Born in Scotland and educated in Belgium, Fen de Villiers’ work has roots in both and neither. His powerful sculptures tell the story of his own identity, but also a more general European sensibility that thrives in the anonymous shapes of his modernist figures - representing transcendent values.
Undergoing his art training at the Royal Academy of Fine Arts Antwerp, founded in 1663 as one of the oldest in Europe, de Villiers is an alumni alongside some of the most important minds in contemporary creative thought and design. Amongst those names include Martin Margiela, Dries Van Noten, Demna Gvasalia, Jan Yoors, Jan Fabre and even, very briefly, Vincent van Gogh.
Despite most of these graduates helping to reshape the world of fashion, their sheer impact on the art world - well beyond the confines of fashion itself - highlights the kind of figures produced from the school. De Villiers, clearly inspired by the contemporary sculptures of his forebears like Fabre and Yoors, chose to steer away from the abstract and conceptual and move towards something more figurative and dynamic.
It was in the modernist movement of Futurism, particularly the sculptural work of one of the movement’s pioneers Umberto Boccioni, that de Villiers has derived a lot of his artistic philosophy from. Besides the dynamic and highly kinetic aesthetics of Boccioni’s works, he also had an exuberant manifesto that shone the spotlight on the perceived stasis of Italy’s culture at the time.
One section, the introduction of the manifesto, translated from its original in Italian, reads:
TO THE YOUNG ARTISTS OF ITALY!
The cry of rebellion which we utter associates our ideals with those of the Futurist poets. These ideals were not invented by some aesthetic clique. They are an expression of a violent desire which boils in the veins of every creative artist today.
We will fight with all our might the fanatical, senseless and snobbish religion of the past, a religion encouraged by the vicious existence of museums.
Similar themes are echoed in de Villiers’ own manifesto which offers us context into the ties that bind the social with the artistic. Both of the manifestos arose and developed at a particular time in reponse to the pervasive zeitgeist. Both sought to yield art and culture as a weapon against the world, a way to manifest strength in an increasingly compromised social system.

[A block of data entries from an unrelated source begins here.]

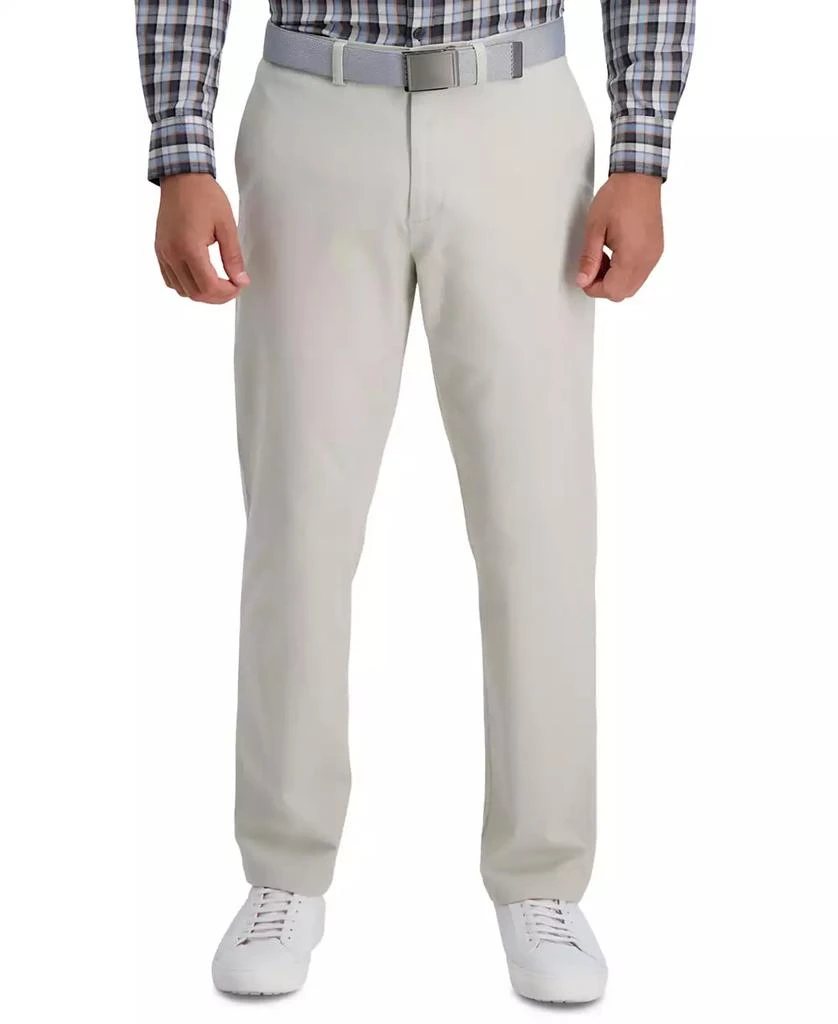 Haggar Men's Straight Fit Soft Chino Premium Dress Pant 1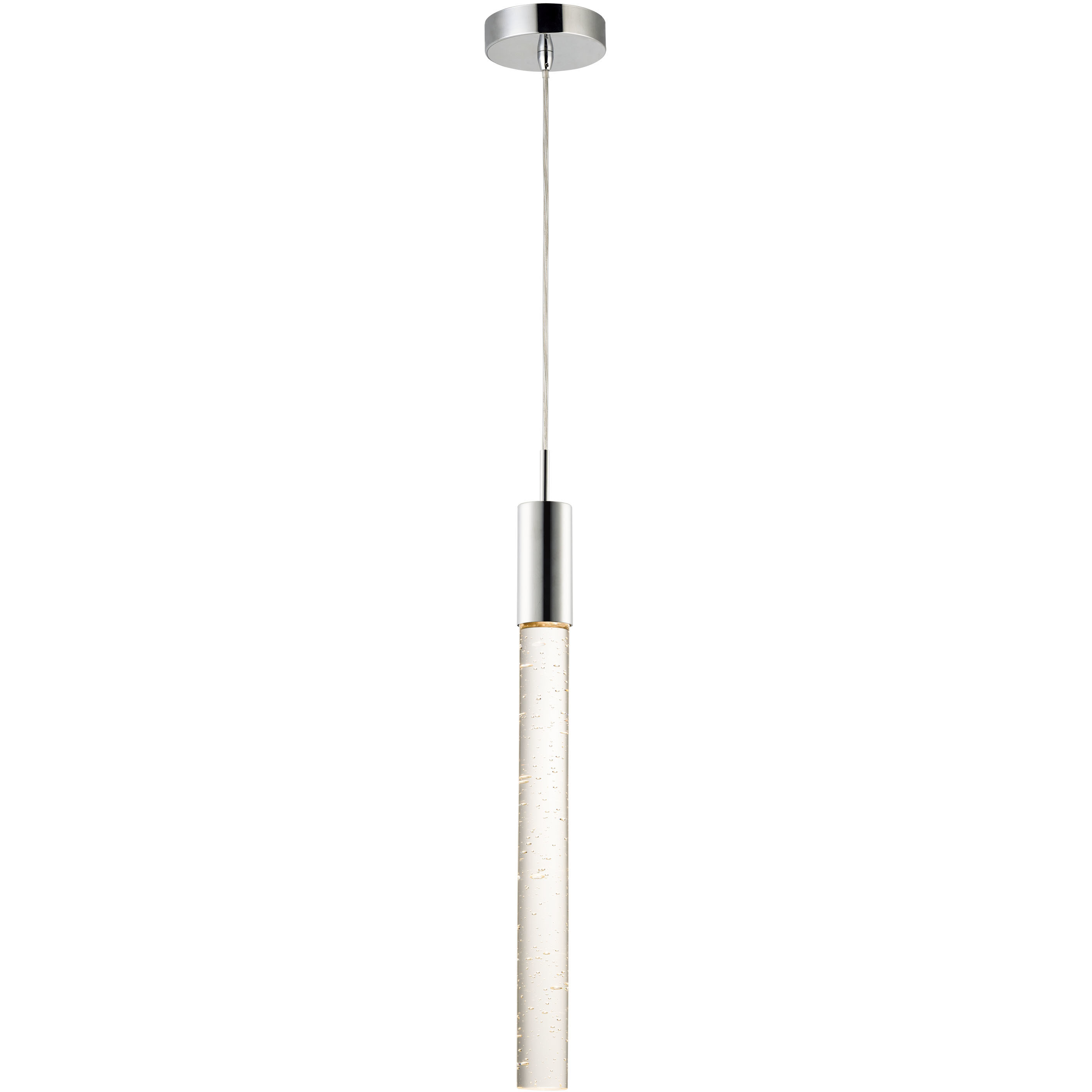 Big Fizz LED 4.75 inch Polished Chrome Single Pendant Ceiling Light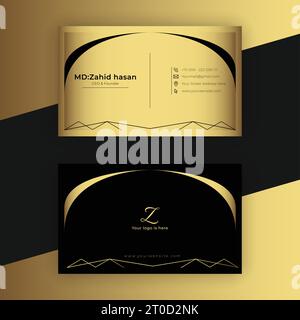 Design Von Visitenkartenvorlagen Kreatives Business Design Einfaches Design Stock Vektor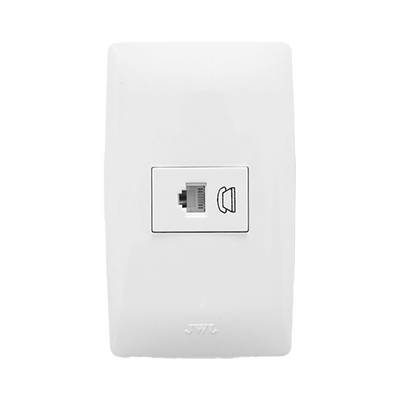 Toma Telefónica / Color Blanco.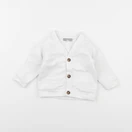 Vertbaudet - gilet blanc - 6 mois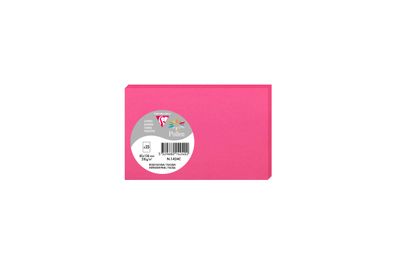 Clairefontaine Karte Pollen 82x128 210g fuchsia
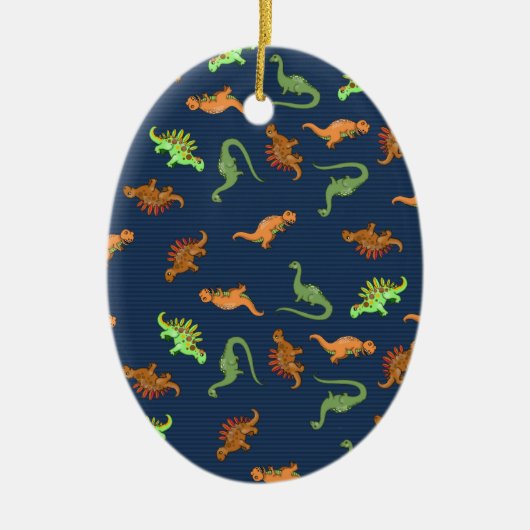 Niedliche Dinosaurier Muster Keramik Ornament (Vorne)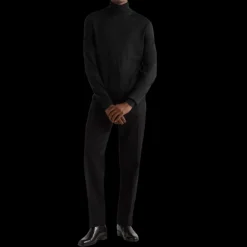 Pull col roulé TOM FORD mélange cachemire soie noir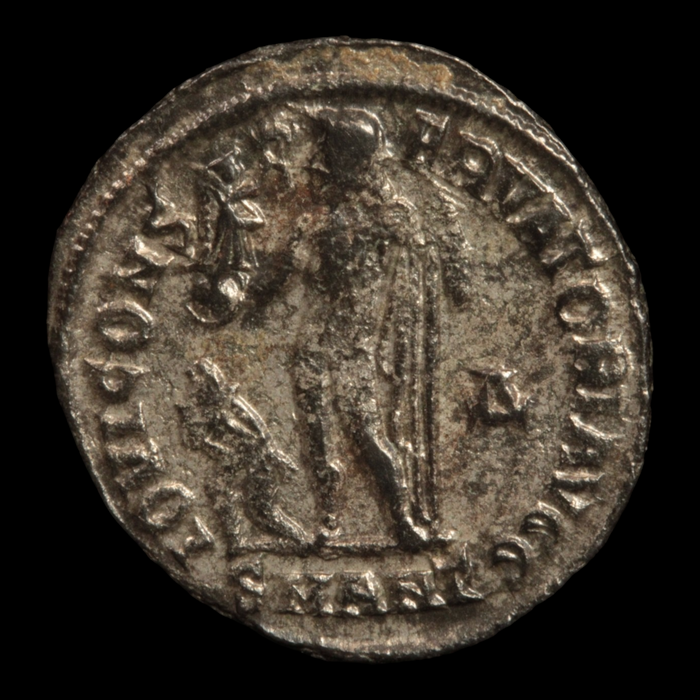 Rome, Emperor Licinius, Silver Washed AE3, 20mm, Antioch Mint, Jupiter Reverse - 317 – 320 CE - Roman Empire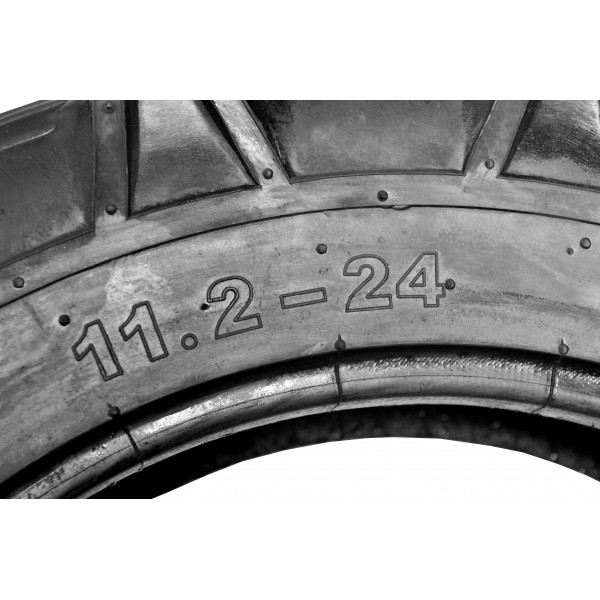 Agricultural tire 11.2-24 8PR - high tread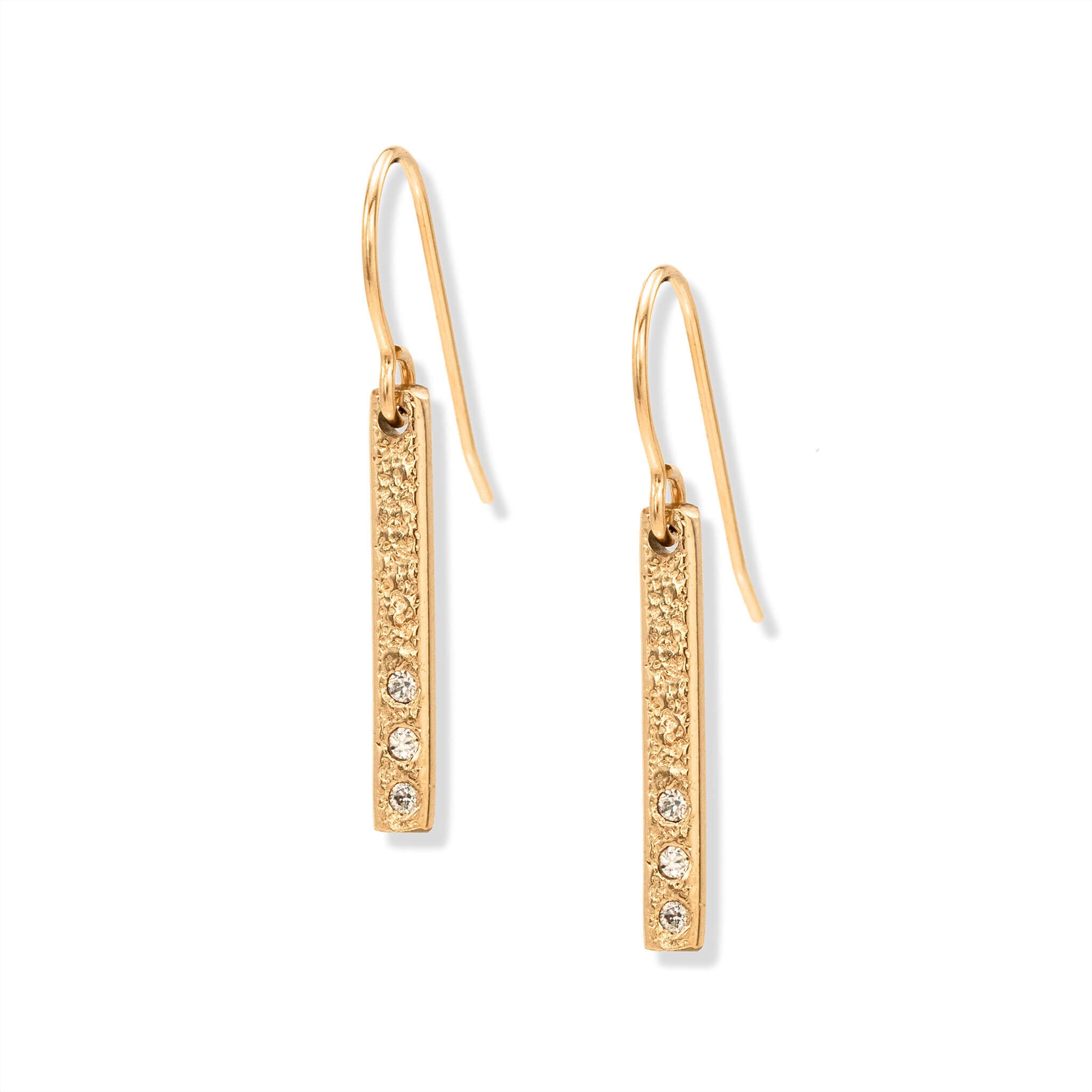 Gilded Light Droplets - Earrings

Working mainly in stone, with bronze and plaster casting, de Villiers utilises his materials not only for their physical properties, but their representational value, “Stone carving for me is the absolute essence of sculpture. You work directly in a material that was given to you by nature: raw and with its own free will, but at the same time pure and imbued with age-old vitality.” In this most primitive of materials, the artist can engage with his most primal instincts.
Drawing on the reciprocal balance between harmony and chaos - the form of the sculpture and its dynamic contents respectively - the artist opts not to portray trends or contemporary issues, but to detail the timeless. Rather than commentary, de Villiers is interested in transcendent values.
Interpreting the text on de Villiers' website, the intention of a sculpture isn’t there to be decoded as much as to be experienced. These sculptures, as with the early Italian Futurists, thrive on impact, “I am always looking for archetypes of strength, dynamism and energy, and seek to create powerful sculptures that uplift the viewer’s spirit.”
De Villiers is working within a very niche territory of sculpture, but his active engagement with timeless themes and materials, the eschewing of trends, means that he will never be in, nor will he ever be out. De Villiers will be and he will keep on being.